Aspirin_2A Thanksgiving message as only dear, sweet Billy can provide, where moons are aspirin and you and I are living on a blue and white marble smelling oranges closeby.

As If to Demonstrate an Eclipse

I pick an orange from a wicker basket
and place it on the table
to represent the sun.
Then down at the other end
a blue and white marble
becomes the earth
and nearby I lay the little moon of an aspirin.

I get a glass from a cabinet,
open a bottle of wine,
then I sit in a ladder-back chair,
a benevolent god presiding
over a miniature creation myth,

and I begin to sing
a homemade canticle of thanks
for this perfect little arrangement,
for not making the earth too hot or cold
not making it spin too fast or slow

so that the grove of orange trees
and the owl become possible,
not to mention the rolling wave,
the play of clouds, geese in flight,
and the Z of lightning on a dark lake.

Then I fill my glass again
and give thanks for the trout,
the oak, and the yellow feather,

singing the room full of shadows,
as sun and earth and moon
circle one another in their impeccable orbits
and I get more and more cockeyed with gratitude.

– Billy Collins

About Patti Digh

Patti Digh is an author, speaker, and educator who builds learning communities and gets to the heart of difficult topics. Her work over the last three decades has focused on diversity, inclusion, social justice, and living and working mindfully. She has developed diversity strategies and educational programming for major nonprofit and corporate organizations and has been a featured speaker at many national and international conferences.

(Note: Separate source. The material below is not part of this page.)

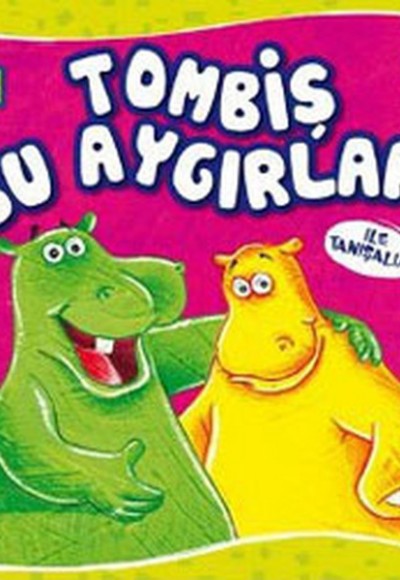 Sevimli Hayvanlar - Tombiş Su Aygırları Sevimli Hayvanlar - Tombiş Su Aygırları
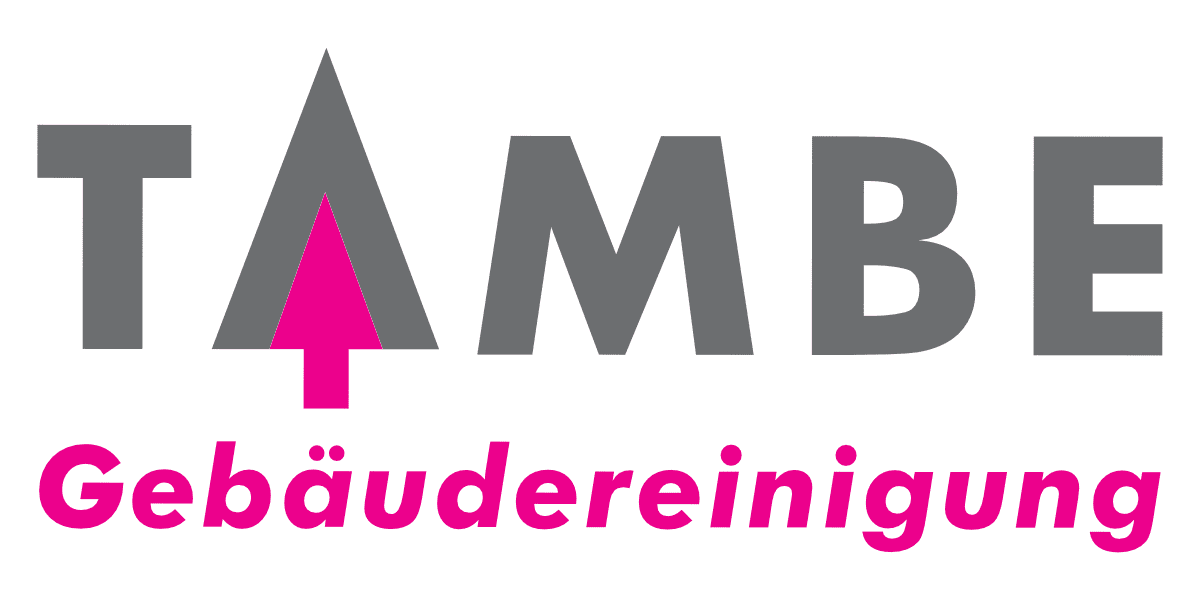 TAMBE Gebäudereinigung Ihre Reinigungsfirma aus Fellbach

4 comments to " Cockeyed with gratitude "
  • You know, Patti, you may win me over to becoming a fan of Billy yet. As long as I don’t have to, you know, carry his photo with me or anything like that. There have to be certain limits, after all.

  • I’m smiling at Rick’s comment… I love this, and although I don’t allow myself a glass of wine anymore, I’d like to think I still have the capacity to get cockeyed. Thanks for sharing this.

  • Joy

    Thanks for sharing this beautiful poem, Patti. The simple things in life are the best, aren’t they? =)

  • Sally

    This is one of my favorites of Billy’s. I used to have it hanging on the wall of my old cubicle, but we moved, and the new walls are much smaller, and I realize I don’t have any poetry hanging anymore and that is a real shame so I think I’ll print out yesterday’s from Doc and put it at eye-level and thus become larger than my skin every time I look at it. (I sent it as a birthday poem to my best friend from college, so thank you for giving me a gift I could regift so well.)